ECLI:NL:CRVB:2023:1124

Centrale Raad van Beroep

Datum uitspraak
22 juni 2023
Publicatiedatum
22 juni 2023
Zaaknummer
21/952 ZW
Instantie
Centrale Raad van Beroep
Type
Uitspraak
Rechtsgebied
Bestuursrecht; Socialezekerheidsrecht
Procedures
  • Hoger beroep
Rechters
Vindplaatsen
  • Rechtspraak.nl
AI samenvatting door LexboostAutomatisch gegenereerd

Beëindiging van ZW-uitkering na eerstejaars ZW-beoordeling op basis van verdiencapaciteit

In deze zaak heeft de Centrale Raad van Beroep op 22 juni 2023 uitspraak gedaan in hoger beroep over de beëindiging van de Ziektewet (ZW)-uitkering van appellante. Appellante, die als productiemedewerker werkte, had zich op 30 mei 2018 ziekgemeld en ontving vanaf 1 juni 2018 een ZW-uitkering.

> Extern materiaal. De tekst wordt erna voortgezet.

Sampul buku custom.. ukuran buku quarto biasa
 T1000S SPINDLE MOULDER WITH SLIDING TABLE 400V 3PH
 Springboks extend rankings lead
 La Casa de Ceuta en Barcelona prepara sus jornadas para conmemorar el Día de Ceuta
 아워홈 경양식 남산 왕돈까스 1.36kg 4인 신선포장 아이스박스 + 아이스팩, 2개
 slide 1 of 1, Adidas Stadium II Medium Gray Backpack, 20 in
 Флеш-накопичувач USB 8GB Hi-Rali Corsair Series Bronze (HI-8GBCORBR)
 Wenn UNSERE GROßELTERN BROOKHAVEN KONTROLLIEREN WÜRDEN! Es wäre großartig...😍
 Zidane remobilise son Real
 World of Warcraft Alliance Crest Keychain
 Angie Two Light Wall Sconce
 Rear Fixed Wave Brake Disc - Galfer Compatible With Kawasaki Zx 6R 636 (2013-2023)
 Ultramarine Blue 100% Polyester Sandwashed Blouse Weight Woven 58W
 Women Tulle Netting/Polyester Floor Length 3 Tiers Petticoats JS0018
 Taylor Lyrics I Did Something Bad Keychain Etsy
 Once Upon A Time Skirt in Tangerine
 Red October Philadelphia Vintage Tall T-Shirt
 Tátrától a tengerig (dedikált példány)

Na een eerstejaars ZW-beoordeling op 7 mei 2019, waarbij een verzekeringsarts haar belastbaarheid vaststelde, concludeerde het Uwv dat appellante in staat was om meer dan 65% van haar maatmaninkomen te verdienen. Dit leidde tot de beëindiging van haar uitkering per 30 juni 2019.

Appellante heeft bezwaar gemaakt tegen deze beslissing, maar het Uwv verklaarde dit bezwaar ongegrond. De rechtbank Rotterdam bevestigde deze beslissing in een eerdere uitspraak. In hoger beroep herhaalde appellante haar standpunt dat onvoldoende rekening was gehouden met haar beperkingen, met name haar psychische klachten en de klachten aan haar hand, nek en rug. De Raad oordeelde echter dat het Uwv voldoende had gemotiveerd dat de geselecteerde functies medisch geschikt waren voor appellante en dat de verzekeringsartsen zorgvuldig te werk waren gegaan.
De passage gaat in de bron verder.